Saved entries
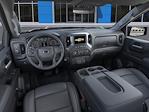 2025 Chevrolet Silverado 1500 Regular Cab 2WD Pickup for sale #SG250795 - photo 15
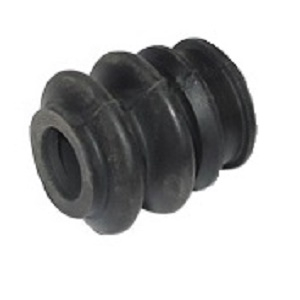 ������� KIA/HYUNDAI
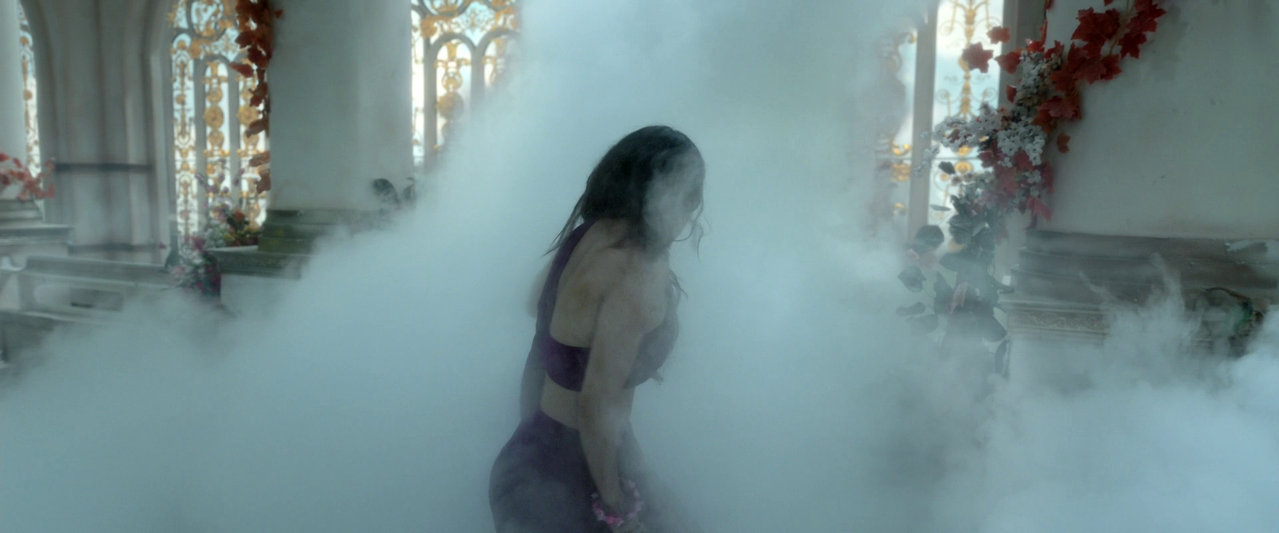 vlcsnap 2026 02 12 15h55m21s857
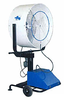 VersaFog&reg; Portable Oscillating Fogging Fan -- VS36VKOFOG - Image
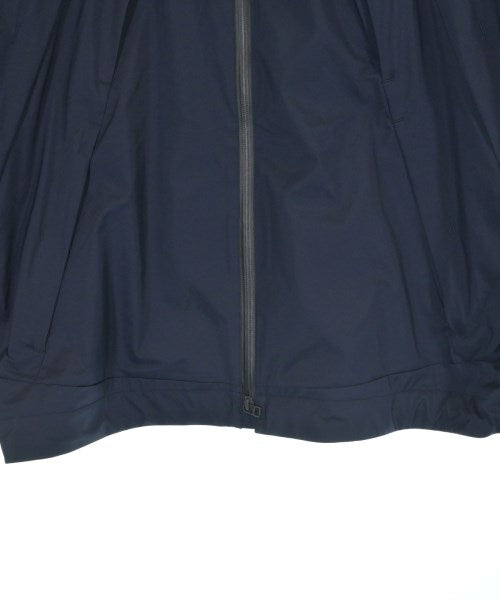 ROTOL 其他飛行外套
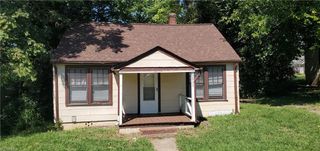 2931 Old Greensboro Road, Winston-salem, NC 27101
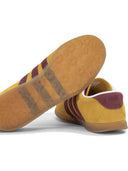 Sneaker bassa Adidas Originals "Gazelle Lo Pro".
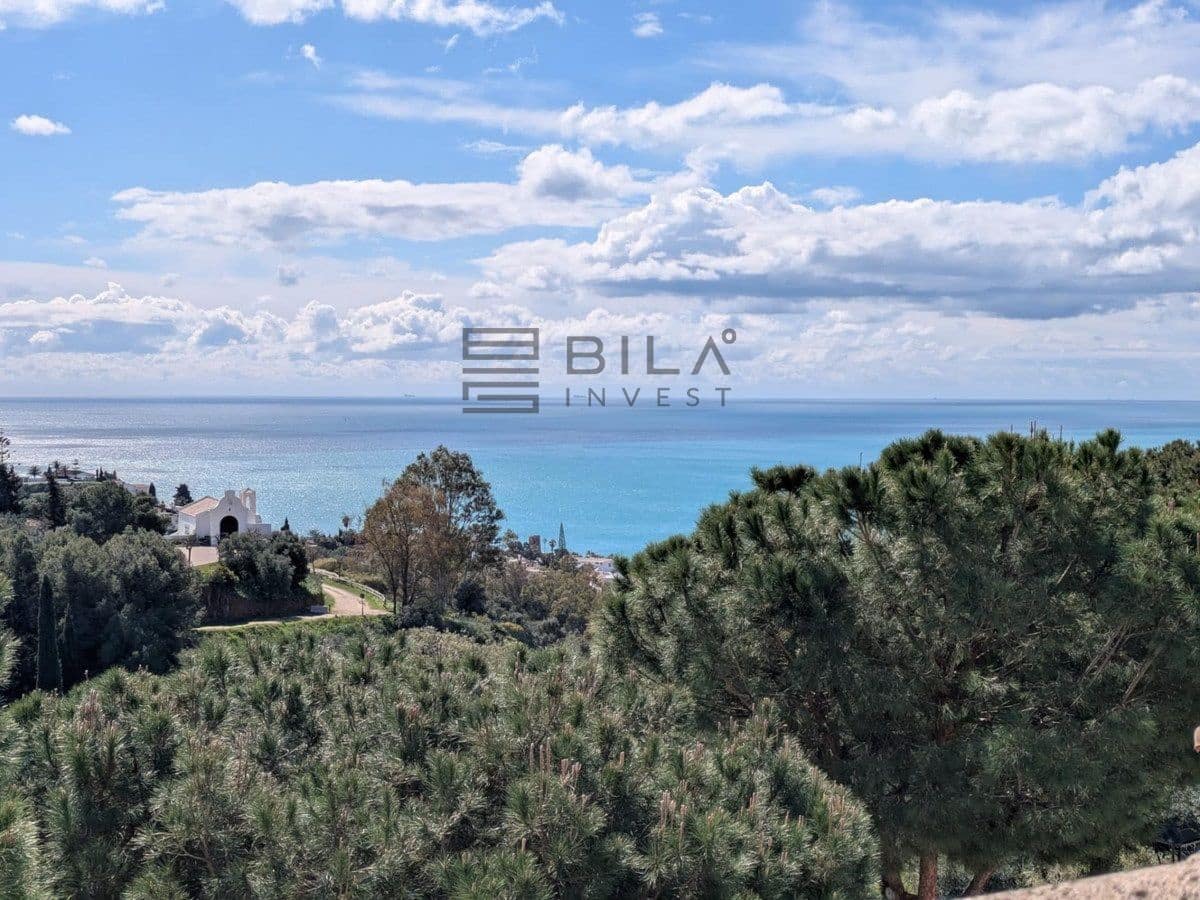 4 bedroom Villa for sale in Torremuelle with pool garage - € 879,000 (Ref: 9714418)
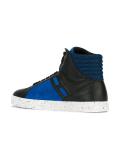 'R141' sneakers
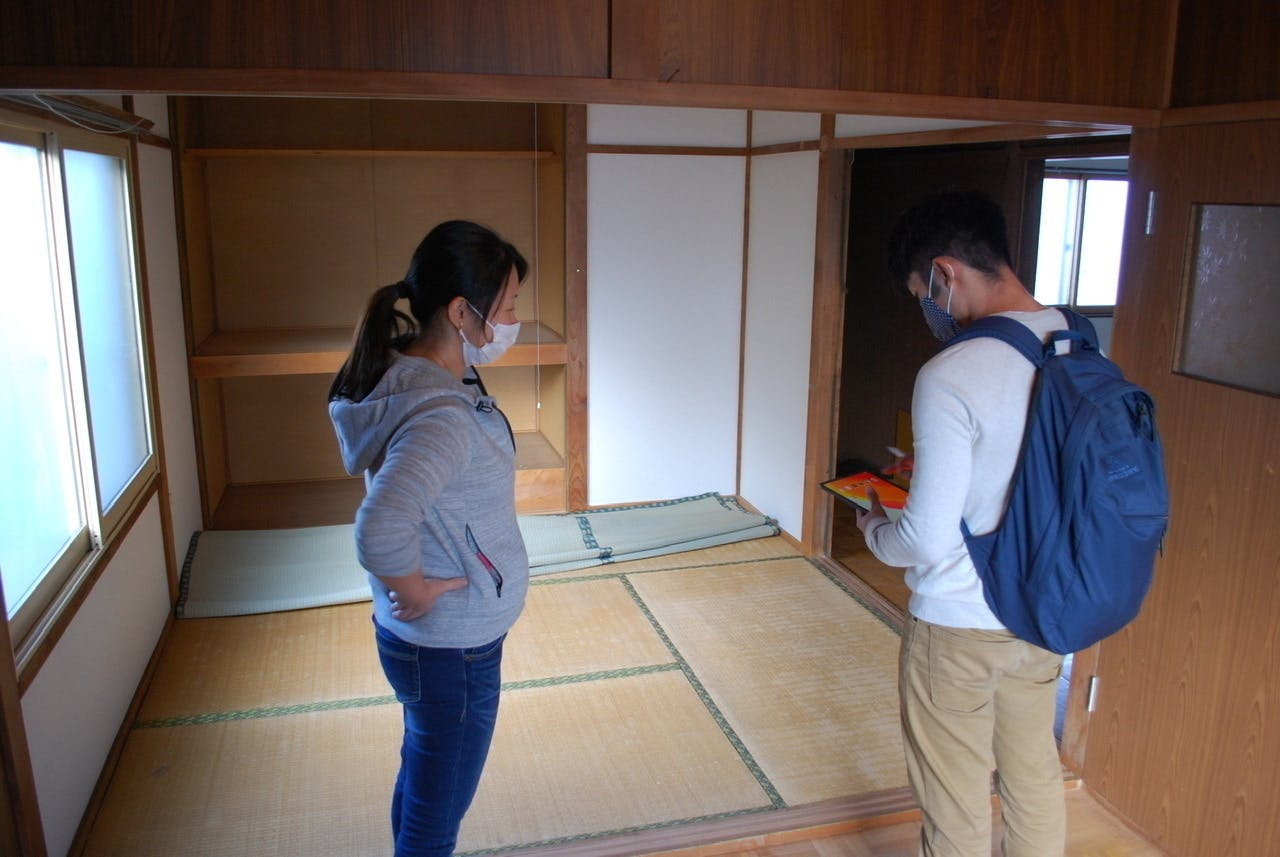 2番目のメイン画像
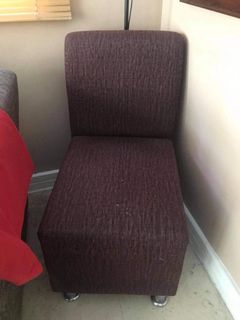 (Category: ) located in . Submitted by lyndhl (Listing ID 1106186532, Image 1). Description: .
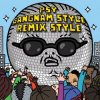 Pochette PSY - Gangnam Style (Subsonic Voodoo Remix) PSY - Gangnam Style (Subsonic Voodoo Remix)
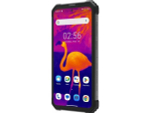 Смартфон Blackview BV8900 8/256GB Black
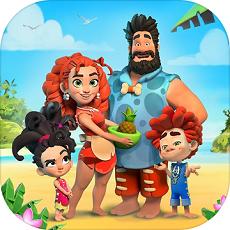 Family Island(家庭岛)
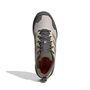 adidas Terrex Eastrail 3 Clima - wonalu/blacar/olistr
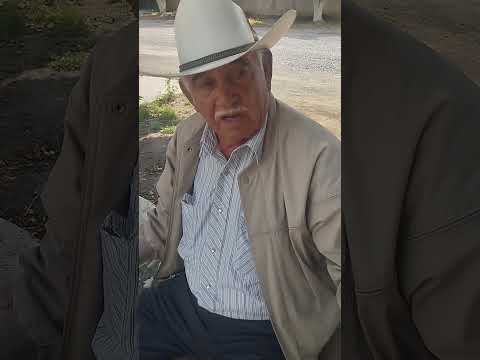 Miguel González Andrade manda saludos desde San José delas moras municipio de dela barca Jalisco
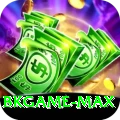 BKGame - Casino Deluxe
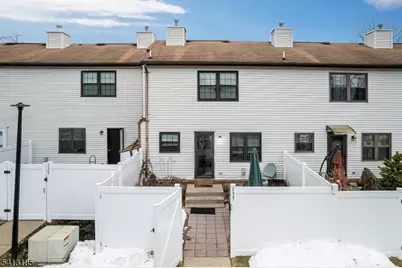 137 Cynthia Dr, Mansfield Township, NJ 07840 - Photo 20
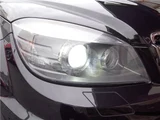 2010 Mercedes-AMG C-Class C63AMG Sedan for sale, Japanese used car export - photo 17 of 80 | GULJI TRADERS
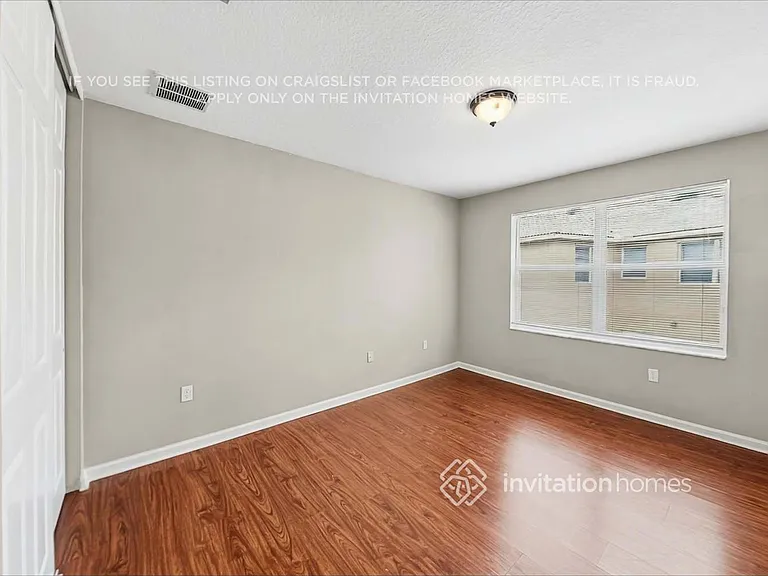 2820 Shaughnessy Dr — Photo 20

_Directions:_ The lines to be quoted run from the line containing "ROTOL 其他飛行外套" through the end of the entries above, both included; quote them exactly and leave out any pictures.

_Answer to the problem:_
 ROTOL 其他飛行外套
 2931 Old Greensboro Road, Winston-salem, NC 27101
 Sneaker bassa Adidas Originals "Gazelle Lo Pro".
 4 bedroom Villa for sale in Torremuelle with pool garage - € 879,000 (Ref: 9714418)
 'R141' sneakers
 2番目のメイン画像
 (Category: ) located in . Submitted by lyndhl (Listing ID 1106186532, Image 1). Description: .
 Pochette PSY - Gangnam Style (Subsonic Voodoo Remix) PSY - Gangnam Style (Subsonic Voodoo Remix)
 Смартфон Blackview BV8900 8/256GB Black
 Family Island(家庭岛)
 adidas Terrex Eastrail 3 Clima - wonalu/blacar/olistr
 Miguel González Andrade manda saludos desde San José delas moras municipio de dela barca Jalisco
 BKGame - Casino Deluxe
 137 Cynthia Dr, Mansfield Township, NJ 07840 - Photo 20
 2010 Mercedes-AMG C-Class C63AMG Sedan for sale, Japanese used car export - photo 17 of 80 | GULJI TRADERS
 2820 Shaughnessy Dr — Photo 20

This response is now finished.